- The cryptocurrency exchange Gemini on Tuesday launched a savings product, dubbed Earn, that lets customers move their holdings in Bitcoin, or any of the 26 cryptocurrencies Gemini supports, into accounts yielding interest as high as 7.4%.
- Gemini said it can afford to pay relatively high rates — by comparison, the average savings account in the U.S. yields 0.05% interest, according to Federal Deposit Insurance Corp. (FDIC) data — because it lends the cryptocurrency deposits to institutional borrowers through a partner, Genesis Global Capital, at a higher interest rate.
- Customers should plan to assume considerably more risk than with a traditional bank’s savings account. Deposits aren’t protected by the FDIC, and there’s no central bank, such as the Federal Reserve, to set benchmark interest rates.

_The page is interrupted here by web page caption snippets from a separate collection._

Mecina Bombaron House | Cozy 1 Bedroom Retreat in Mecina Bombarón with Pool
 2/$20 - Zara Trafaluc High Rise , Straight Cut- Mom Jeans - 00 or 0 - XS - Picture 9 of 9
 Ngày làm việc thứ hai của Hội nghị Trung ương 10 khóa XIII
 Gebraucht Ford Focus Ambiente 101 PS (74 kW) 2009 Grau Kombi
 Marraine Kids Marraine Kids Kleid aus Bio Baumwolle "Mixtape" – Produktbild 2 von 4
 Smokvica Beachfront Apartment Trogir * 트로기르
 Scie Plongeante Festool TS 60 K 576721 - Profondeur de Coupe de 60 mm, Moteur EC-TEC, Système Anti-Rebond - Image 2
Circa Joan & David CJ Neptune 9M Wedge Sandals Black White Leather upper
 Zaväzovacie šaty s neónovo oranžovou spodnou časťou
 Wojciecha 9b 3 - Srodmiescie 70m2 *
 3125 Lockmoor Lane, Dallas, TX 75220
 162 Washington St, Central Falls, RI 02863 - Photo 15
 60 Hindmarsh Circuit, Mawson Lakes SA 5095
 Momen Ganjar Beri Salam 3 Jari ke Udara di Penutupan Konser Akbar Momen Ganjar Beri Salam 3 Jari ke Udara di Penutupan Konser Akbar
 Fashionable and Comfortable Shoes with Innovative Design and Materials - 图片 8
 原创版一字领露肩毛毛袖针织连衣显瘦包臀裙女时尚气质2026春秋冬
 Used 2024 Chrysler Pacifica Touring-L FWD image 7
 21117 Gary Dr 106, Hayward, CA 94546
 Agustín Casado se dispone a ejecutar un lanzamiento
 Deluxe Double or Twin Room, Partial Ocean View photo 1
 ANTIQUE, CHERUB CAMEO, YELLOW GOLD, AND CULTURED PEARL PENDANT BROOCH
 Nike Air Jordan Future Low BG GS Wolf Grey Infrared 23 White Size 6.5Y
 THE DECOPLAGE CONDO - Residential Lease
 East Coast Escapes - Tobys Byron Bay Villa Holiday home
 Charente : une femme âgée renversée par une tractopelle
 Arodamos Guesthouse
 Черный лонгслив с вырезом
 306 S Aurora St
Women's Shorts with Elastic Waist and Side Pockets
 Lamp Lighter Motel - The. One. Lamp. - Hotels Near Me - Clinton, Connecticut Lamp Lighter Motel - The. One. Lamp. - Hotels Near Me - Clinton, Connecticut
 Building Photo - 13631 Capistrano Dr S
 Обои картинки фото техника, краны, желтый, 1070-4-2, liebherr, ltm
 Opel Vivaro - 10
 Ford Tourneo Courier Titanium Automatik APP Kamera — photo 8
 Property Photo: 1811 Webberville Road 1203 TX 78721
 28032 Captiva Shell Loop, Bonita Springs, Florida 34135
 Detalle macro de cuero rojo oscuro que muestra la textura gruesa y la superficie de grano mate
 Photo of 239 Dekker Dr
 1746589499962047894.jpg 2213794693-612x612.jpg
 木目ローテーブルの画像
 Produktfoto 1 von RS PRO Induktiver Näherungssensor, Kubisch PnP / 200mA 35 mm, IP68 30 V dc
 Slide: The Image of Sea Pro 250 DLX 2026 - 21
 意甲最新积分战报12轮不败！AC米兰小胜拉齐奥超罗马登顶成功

Rather, Gemini and other providers adjust rates based on their own supply-and-demand analysis.
Earn marks a continuing expansion of Gemini’s products in banking-adjacent spaces. Gemini bought fintech startup Blockrize last month to help build its own credit card offering rewards of up to 3% in cryptocurrencies. JPMorgan Chase extended banking services to the crypto exchange last spring.
Gemini touts Earn as the first account of its kind available in all 50 states. Crypto lender BlockFi offers an account with up to 8.6% annual percentage yield (APY) on deposits, but it is not available in New York. Gemini, by contrast, is regulated by New York’s Department of Financial Services. Earn will not, however, be available to clients outside the U.S.